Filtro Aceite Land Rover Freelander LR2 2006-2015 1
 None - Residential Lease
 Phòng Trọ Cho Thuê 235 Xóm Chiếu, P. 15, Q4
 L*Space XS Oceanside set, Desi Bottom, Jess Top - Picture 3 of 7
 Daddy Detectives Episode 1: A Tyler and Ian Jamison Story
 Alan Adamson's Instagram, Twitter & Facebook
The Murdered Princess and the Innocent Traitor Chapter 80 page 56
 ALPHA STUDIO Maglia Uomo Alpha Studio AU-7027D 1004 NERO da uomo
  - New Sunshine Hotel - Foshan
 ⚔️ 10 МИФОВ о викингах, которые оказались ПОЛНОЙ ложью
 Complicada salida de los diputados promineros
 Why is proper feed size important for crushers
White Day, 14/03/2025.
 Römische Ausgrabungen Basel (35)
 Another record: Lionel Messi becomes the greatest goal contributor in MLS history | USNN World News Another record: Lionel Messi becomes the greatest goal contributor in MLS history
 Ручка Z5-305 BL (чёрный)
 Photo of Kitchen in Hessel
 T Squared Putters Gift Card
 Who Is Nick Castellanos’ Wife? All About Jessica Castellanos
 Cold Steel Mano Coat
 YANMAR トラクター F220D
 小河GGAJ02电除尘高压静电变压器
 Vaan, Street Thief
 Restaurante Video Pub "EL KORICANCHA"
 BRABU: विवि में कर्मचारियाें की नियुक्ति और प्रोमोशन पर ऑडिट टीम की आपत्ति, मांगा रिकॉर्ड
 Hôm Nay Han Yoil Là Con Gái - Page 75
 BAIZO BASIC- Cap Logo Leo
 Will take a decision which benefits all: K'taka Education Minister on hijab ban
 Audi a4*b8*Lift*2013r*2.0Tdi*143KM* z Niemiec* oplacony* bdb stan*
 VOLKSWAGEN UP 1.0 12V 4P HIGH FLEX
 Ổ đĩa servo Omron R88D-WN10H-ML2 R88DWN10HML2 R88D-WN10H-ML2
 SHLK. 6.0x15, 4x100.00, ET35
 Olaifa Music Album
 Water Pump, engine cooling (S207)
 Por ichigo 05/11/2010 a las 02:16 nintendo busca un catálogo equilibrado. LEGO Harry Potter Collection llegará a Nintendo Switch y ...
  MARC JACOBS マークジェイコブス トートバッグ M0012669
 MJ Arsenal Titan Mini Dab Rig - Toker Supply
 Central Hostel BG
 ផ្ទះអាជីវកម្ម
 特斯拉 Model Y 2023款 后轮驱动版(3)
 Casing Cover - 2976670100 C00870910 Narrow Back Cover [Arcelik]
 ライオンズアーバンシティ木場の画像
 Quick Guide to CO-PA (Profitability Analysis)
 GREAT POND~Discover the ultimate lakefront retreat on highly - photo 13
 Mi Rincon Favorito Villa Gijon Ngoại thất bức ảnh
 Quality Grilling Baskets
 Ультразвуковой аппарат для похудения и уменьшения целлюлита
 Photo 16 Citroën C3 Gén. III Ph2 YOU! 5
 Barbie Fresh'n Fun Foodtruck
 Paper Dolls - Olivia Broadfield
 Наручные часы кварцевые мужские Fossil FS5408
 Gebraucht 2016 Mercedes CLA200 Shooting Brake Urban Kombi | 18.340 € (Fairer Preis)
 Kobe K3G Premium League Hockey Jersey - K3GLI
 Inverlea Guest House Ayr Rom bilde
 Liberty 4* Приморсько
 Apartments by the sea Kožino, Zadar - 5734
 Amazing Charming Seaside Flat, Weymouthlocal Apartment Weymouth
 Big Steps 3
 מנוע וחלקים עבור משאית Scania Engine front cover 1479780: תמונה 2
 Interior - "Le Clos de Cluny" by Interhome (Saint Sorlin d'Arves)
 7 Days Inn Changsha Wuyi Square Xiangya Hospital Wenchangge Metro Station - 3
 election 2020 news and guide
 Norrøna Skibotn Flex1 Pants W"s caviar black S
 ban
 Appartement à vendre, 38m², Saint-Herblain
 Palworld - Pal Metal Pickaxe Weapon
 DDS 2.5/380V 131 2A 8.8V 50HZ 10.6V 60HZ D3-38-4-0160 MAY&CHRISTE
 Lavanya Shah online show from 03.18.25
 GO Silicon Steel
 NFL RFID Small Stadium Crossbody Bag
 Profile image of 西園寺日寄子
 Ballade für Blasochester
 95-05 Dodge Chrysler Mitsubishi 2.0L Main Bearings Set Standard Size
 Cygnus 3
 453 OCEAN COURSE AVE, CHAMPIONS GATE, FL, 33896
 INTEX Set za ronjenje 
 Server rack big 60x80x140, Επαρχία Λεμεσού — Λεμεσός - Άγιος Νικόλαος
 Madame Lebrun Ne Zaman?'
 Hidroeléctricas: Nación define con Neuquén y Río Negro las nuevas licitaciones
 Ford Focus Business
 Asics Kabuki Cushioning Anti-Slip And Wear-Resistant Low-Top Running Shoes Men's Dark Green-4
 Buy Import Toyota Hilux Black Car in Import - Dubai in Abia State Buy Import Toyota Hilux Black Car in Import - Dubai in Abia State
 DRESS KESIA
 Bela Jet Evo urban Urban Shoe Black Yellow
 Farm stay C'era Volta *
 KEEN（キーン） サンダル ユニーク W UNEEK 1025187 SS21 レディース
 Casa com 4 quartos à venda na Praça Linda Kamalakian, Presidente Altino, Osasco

* _Assignment_:
What the answer needs is every line from the data above with "Urban" in it.

* _Final answer_:
 Gebraucht 2016 Mercedes CLA200 Shooting Brake Urban Kombi | 18.340 € (Fairer Preis)
 Bela Jet Evo urban Urban Shoe Black Yellow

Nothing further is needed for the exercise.